Pictures must be left out. Retype exactly the lines from the one containing "G1465 Spidey Waterwebs" through the last line of the records below.
BEGIN AVAILABLE DATA
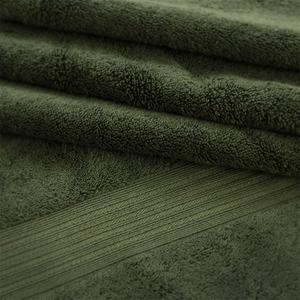 Habitat Egyptian Hand Towel - Forest Green - gallery image 2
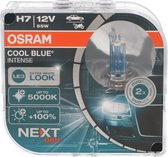 Lampe Halogène Osram H7 12V 55W - Wit/ Bleu Glacé 5500K Intense - Cool Blue Next Gen - Set 2 pièces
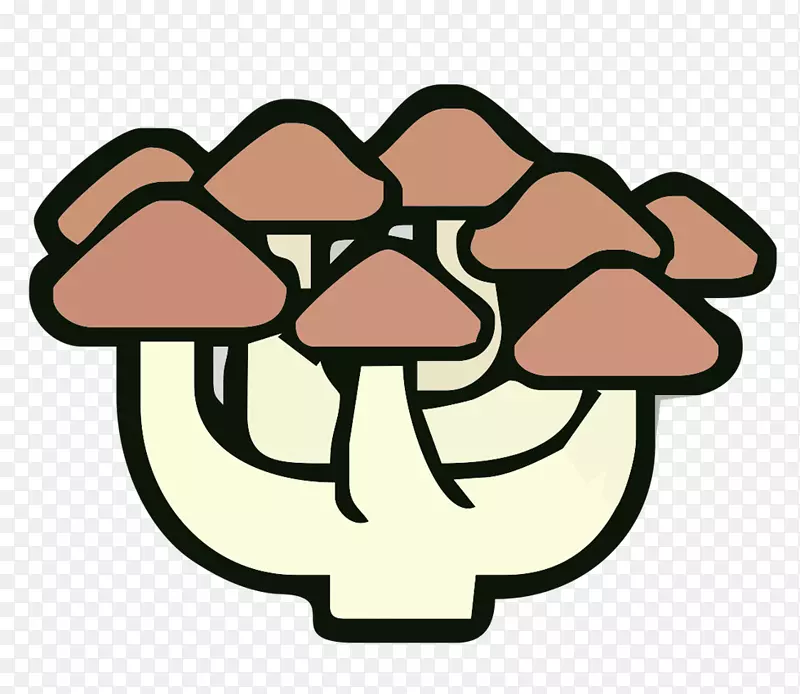 蘑菇动画剪贴画.卡通手绘蘑菇
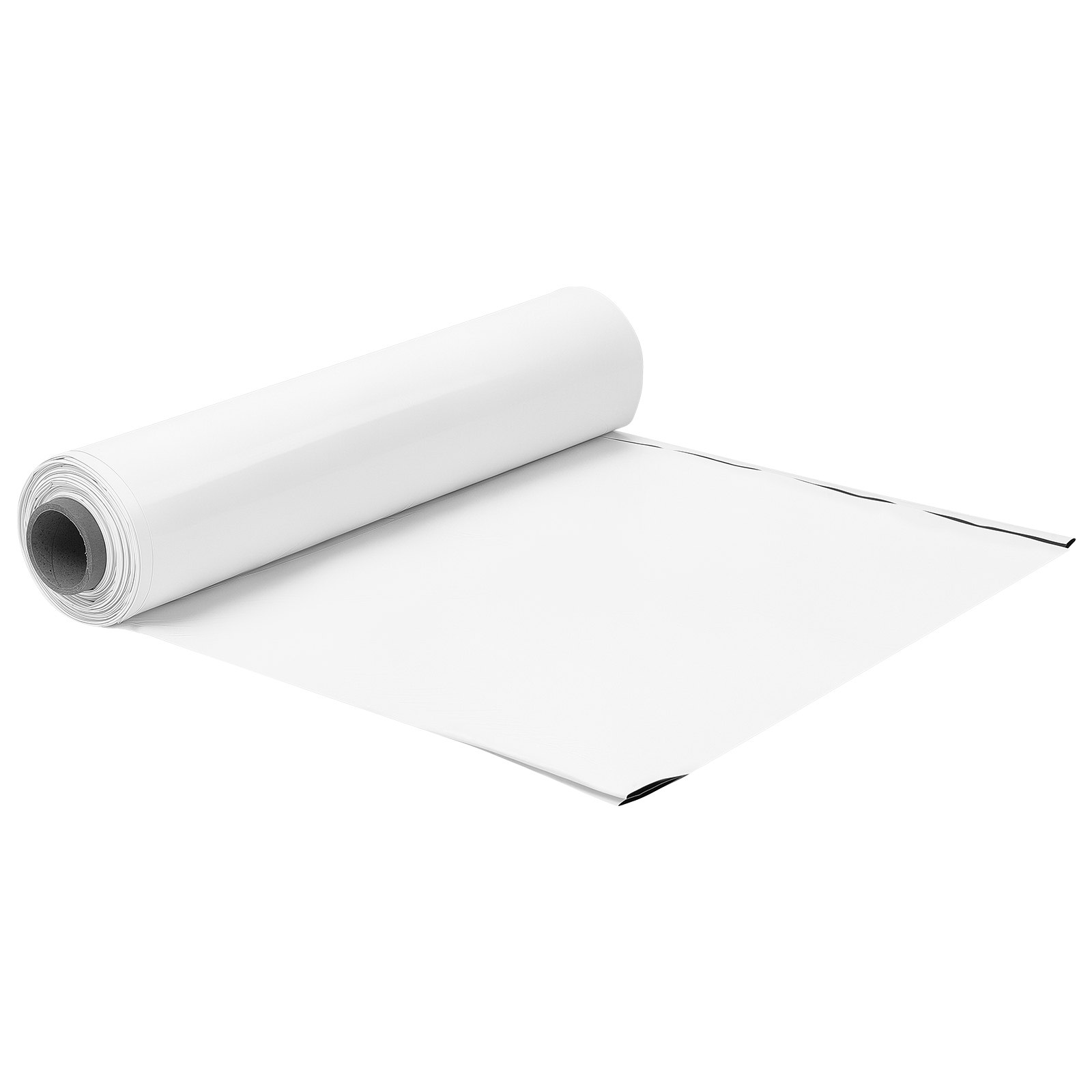 VEVOR Polyethyleenfolie 3,05 x 15,24 m Tuinfolie 0,3 mm Zwart/Wit, Plastic rol voor tuinieren, zeildoek, schildersdoek, kruipruimteafdekking, dampremmende laag, onkruidbestrijding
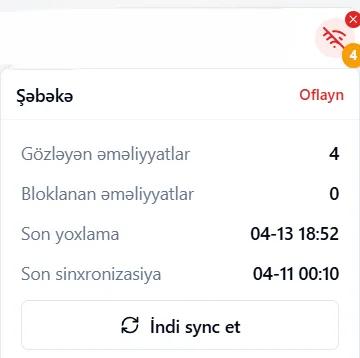 Network status preview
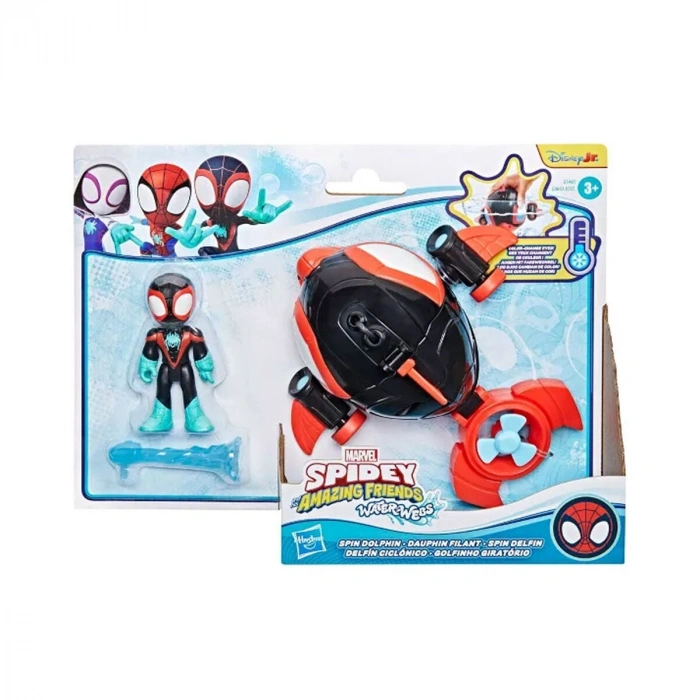 G1465 Spidey Waterwebs - Spin Dolphin Figür ve Araç OyunSeti +3 yaş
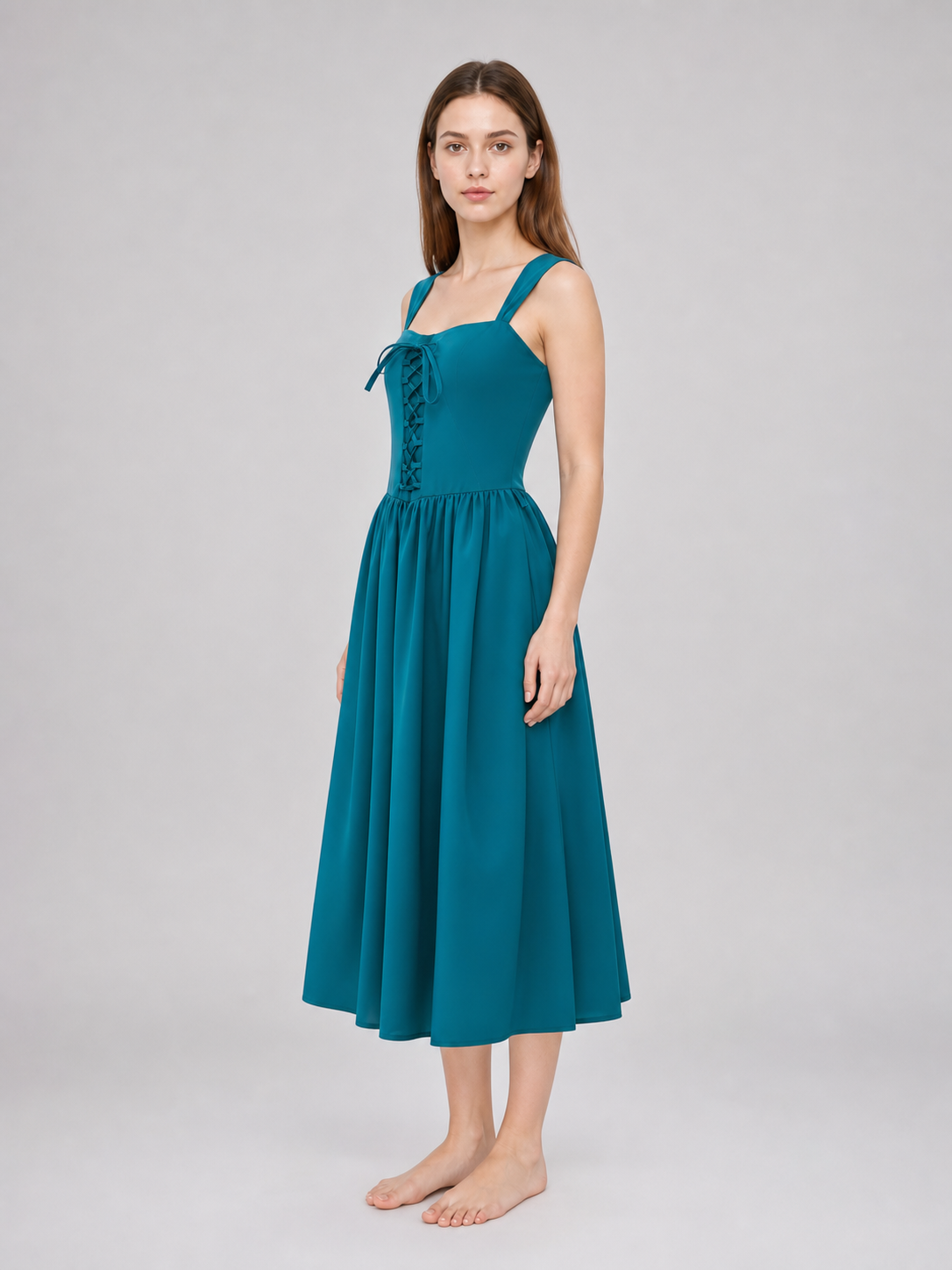 Medieval Strappy Lace-Up Dress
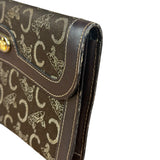Celine Vintage Canvas Snap Trifold Wallet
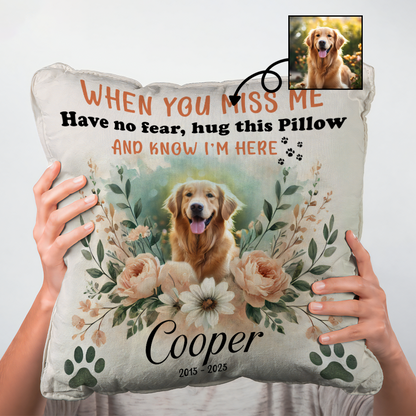 Pet lover 2 - Personalized Throw Pillow PL12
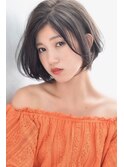 ☆ナチュラル小顔ボブ☆ #イルミナカラー #ヘルシーレイヤー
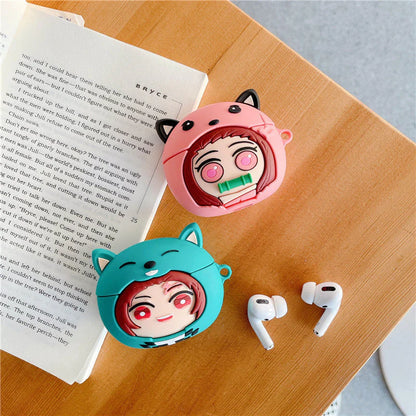 Suitable for Apple AIRPOds 1/2 generation ear case Pro3 silicone soft protection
END AVAILABLE DATA
* [WRITTEN SOLUTION]:
 G1465 Spidey Waterwebs - Spin Dolphin Figür ve Araç OyunSeti +3 yaş
 Medieval Strappy Lace-Up Dress
Celine Vintage Canvas Snap Trifold Wallet
 Pet lover 2 - Personalized Throw Pillow PL12
 ☆ナチュラル小顔ボブ☆ #イルミナカラー #ヘルシーレイヤー
 Suitable for Apple AIRPOds 1/2 generation ear case Pro3 silicone soft protection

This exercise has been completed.